Says the research is based on miles/week and time from shorter races.
My conversions for recent marathons were way off.
What say you?
Says the research is based on miles/week and time from shorter races.
My conversions for recent marathons were way off.
What say you?
that one is certainly slower for me than other calculators - around 5 minutes slower. Which is probably more realistic. the marathon is not a normal race - it is not on a line from 10ks and HMs - itis a different beast.
all the massively positive splits in marathons probably stem from viewing the marathon as a normal race.
It was pretty accurate estimate for what I did prior to Chicago Marathon and it guessed my time within a minute of what I did. More realistic than other sites
Says if I just train 200mpw I'll get that OTQ that's just seemed out of reach, because, you know, it's only 20 minutes faster than my PR.
It's way off for me. Predicted 3:06+ for my last marathon when I ran 2:57 low. I've always found McMillan to be the most accurate.
The article says it was based off people running an average of 29 miles per week. of course its going to give much slower predictions than most calculators, which are based on elite and sub elite conversions, and just calculated out to slower times. It's probably a better tool for people running 29 miles a week, but anybody training a halfway decent number of miles is going to beat this.
Penguins wrote:
The article says it was based off people running an average of 29 miles per week. of course its going to give much slower predictions than most calculators, which are based on elite and sub elite conversions, and just calculated out to slower times. It's probably a better tool for people running 29 miles a week, but anybody training a halfway decent number of miles is going to beat this.

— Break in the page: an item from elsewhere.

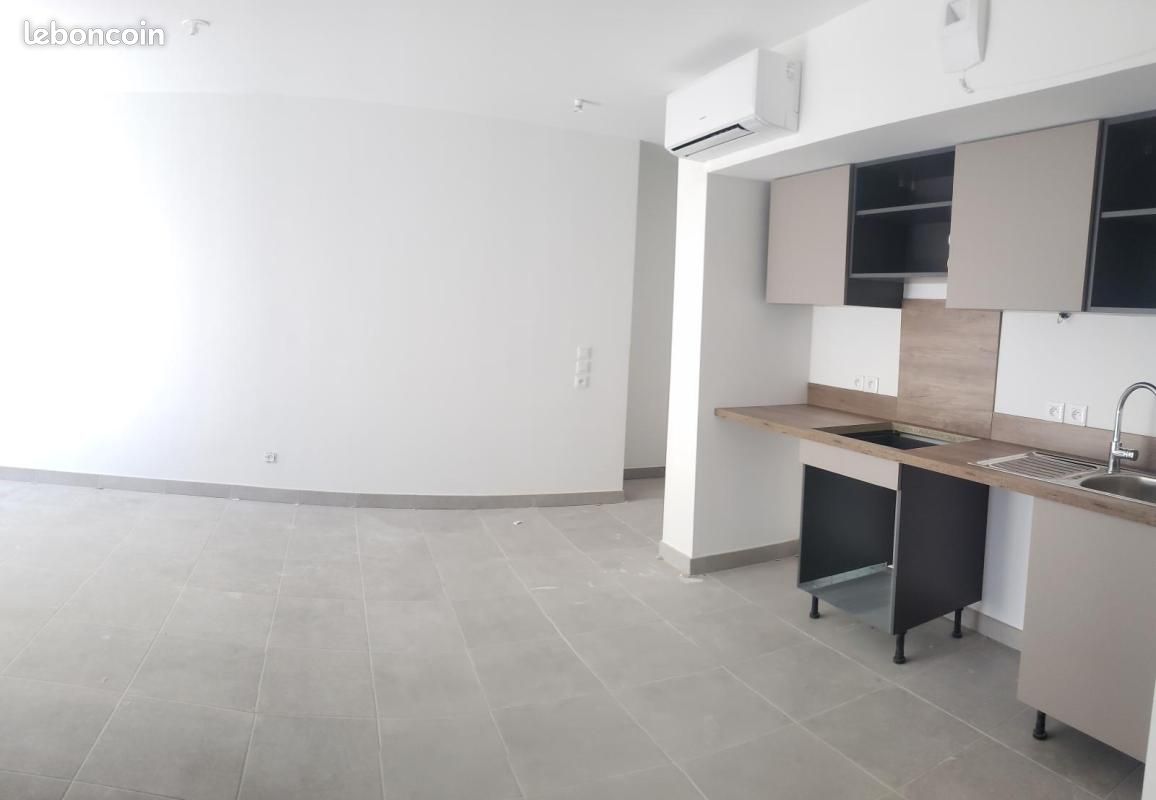Appartement 2 pièces 47 m² · à Aimargues · 47 m² · 668 €/mois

Incorrect, it factors in weekly mileage quite well. Too well in fact, based on my previous post.
I put in real numbers for mileage and pre-marathon races. It predicted 2 minutes slow.
4 minutes slow for me.
Predicts 2:51 off a 1:15 "fast" half and 2:45 off a 1:15 "avg" half running 60 per week- I just did a 2:37:55 marathon- so 7-13 min off for me.
10 min slow
Inputted my most recent 5k and weekly mileage I had going into my last marathon (barely any). Their time prediction was 30 minutes slow. They gave the Runner's World Prediction for comparison and it was within 1 second of what I actually ran.

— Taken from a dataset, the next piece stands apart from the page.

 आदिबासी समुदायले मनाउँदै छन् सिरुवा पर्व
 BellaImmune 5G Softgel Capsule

Looking back at when I was in peak fitness for a March marathon, my most recent 5k and mileage predicted within just over a minute on the Runner's World calculator, and more than 14 minutes slow with Slate.com. This site sucks. Sorry, but anyone running in the high 70s in an average week isn't going to run 2:56 off of a 17 flat 5k.

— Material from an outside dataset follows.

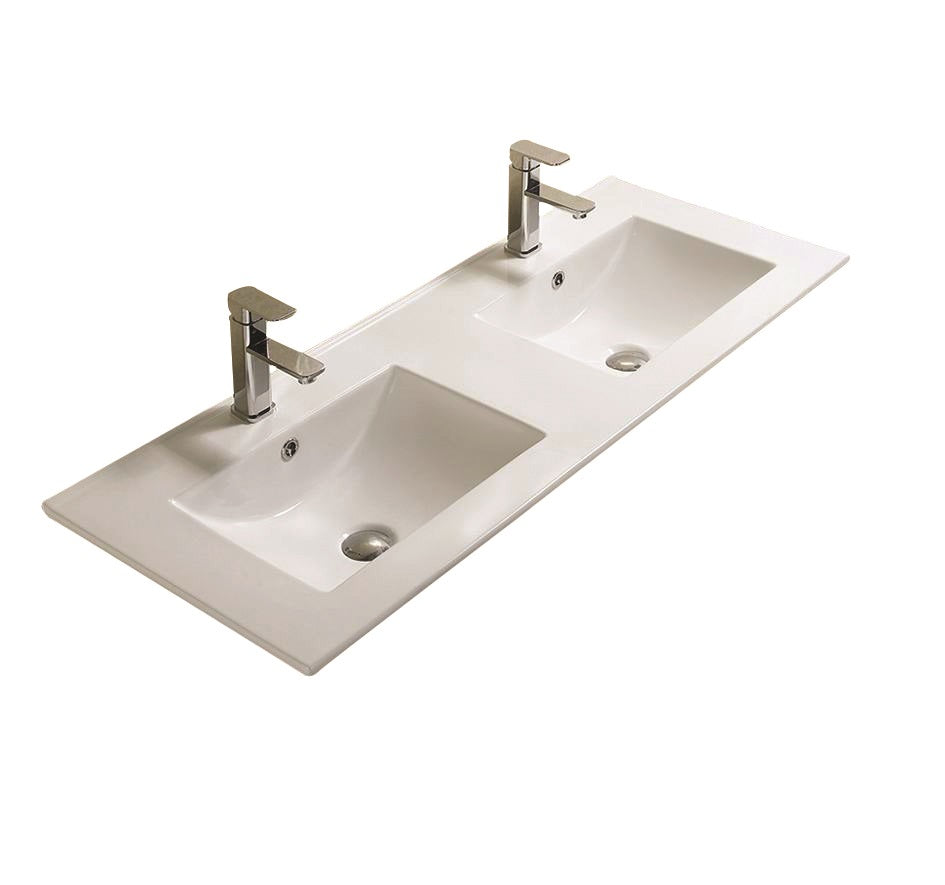Crete Ceramic Vanity Top LK-CTLK-CT124D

Oh and for what it's worth, my experience has been that Jundo (ventolin's calculator) is probably the best.
9 mins slow for me based on my last race and 14 mins slow based on the one before it. Pretty bad calc if you ask me.
The average person ran 30 miles a week in prep for a 26 mile race? I'm sure there were a tremendous amount of massive blowups that resulted in very skewed results (to the slow side).
"But the Riegel formula falls apart when you move up to the marathon. A typical runner in our study with a 1:45 half-marathon time (8 minutes per mile) had a marathon time of 3:53:10 (that’s 8:54 per mile). Yet the Runner's World calculator predicts that this runner will finish in 3:38:55—15 minutes faster than the actual result. That’s an “absolutely massive” error, says Vickers. If this runner paced himself according to the Riegel prediction, he would start the race at a pace that was more than 30 seconds per mile too fast. “No wonder so many runners blow up and limp to the finish,” Vickers says."
These runners who trained 30 miles a week blew up and limped to the finish because they were woefully undertrained, not that they went out too fast. They would have blown up regardless of pace.
Crap. Pure crap.
I can see only one purpose for this: stop hobby joggers from blowing up at mile 16 and maybe get them to mile 20. And that is a maybe.
This is horrible.
Just put in numbers for my last marathon. It was accurate within a minute, but normally I would say that's a few minutes slow. I was looking to run about five minutes faster than I did, but ran Marine Corps Marathon in the Hurricane Sandy winds and ran a little more conservatively than I would've normally attempted.
More accurate for me than typical prediction calculators. I'm more of a speed runner than endurance runner. In the 2:50-3:00 range for a 'thon in reality. My 10K time sometimes "predicts" in the low 2:40s.
Only 12 minutes slow for me (45 mile/week hobby jogger).